## Task directions
Begin at the line containing "Image de P'tit" in the records below, end at the line containing "Alex | Boost", and retype each line in that span exactly. No other line and no image should appear.

## Records
Content starts
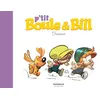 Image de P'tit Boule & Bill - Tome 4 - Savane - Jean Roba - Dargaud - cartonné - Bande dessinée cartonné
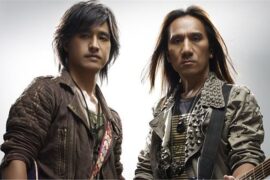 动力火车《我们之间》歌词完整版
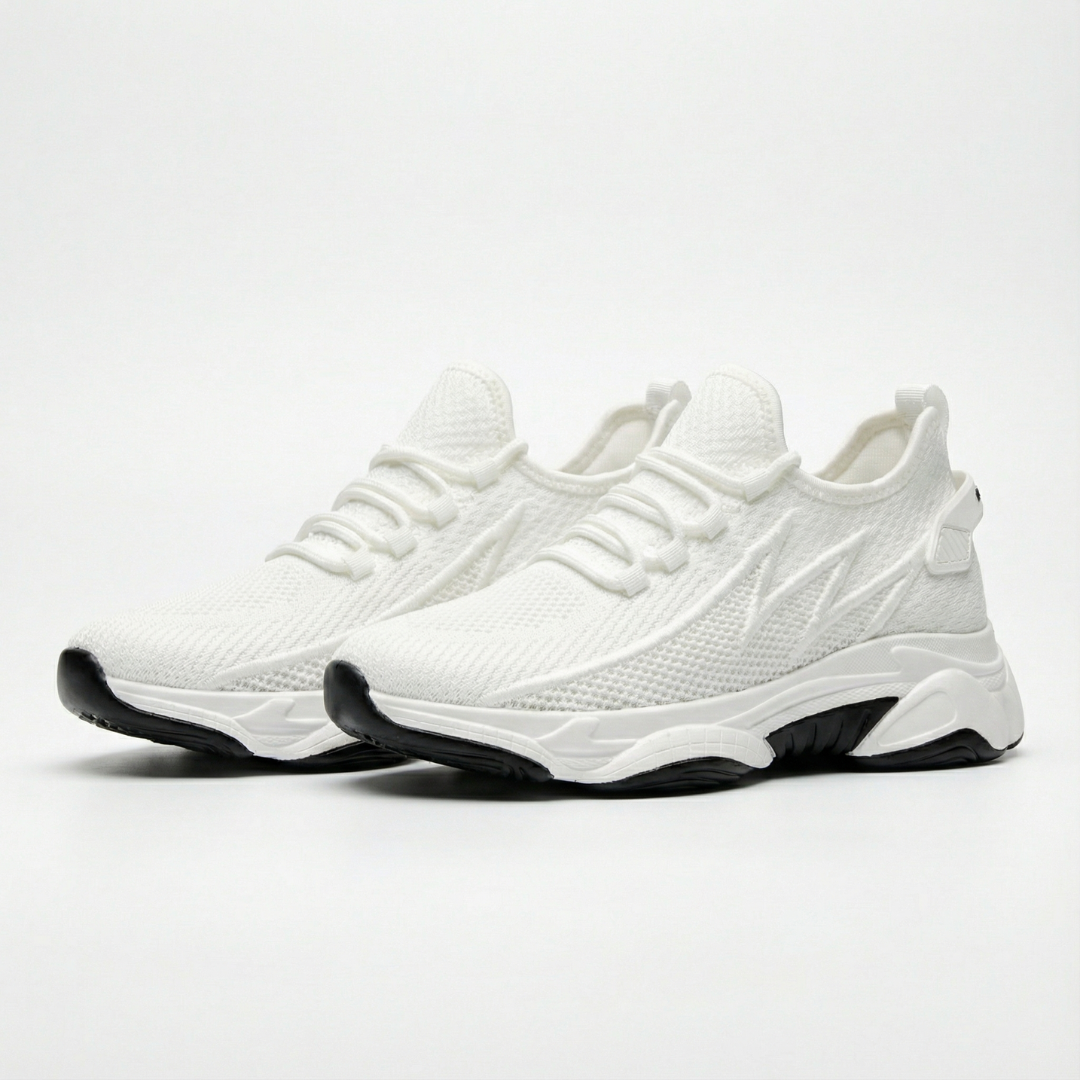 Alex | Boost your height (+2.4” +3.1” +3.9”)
Content ends
Content starts
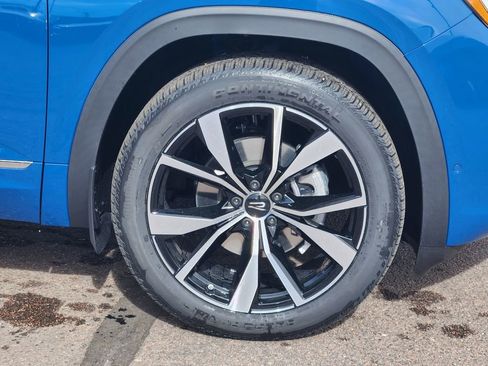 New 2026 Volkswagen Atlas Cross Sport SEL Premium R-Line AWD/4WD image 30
Content ends
Content starts
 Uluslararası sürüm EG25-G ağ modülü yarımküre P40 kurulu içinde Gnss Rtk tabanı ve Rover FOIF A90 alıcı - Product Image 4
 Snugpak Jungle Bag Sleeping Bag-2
Content ends
## Task result
 Image de P'tit Boule & Bill - Tome 4 - Savane - Jean Roba - Dargaud - cartonné - Bande dessinée cartonné
 动力火车《我们之间》歌词完整版
 Alex | Boost your height (+2.4” +3.1” +3.9”)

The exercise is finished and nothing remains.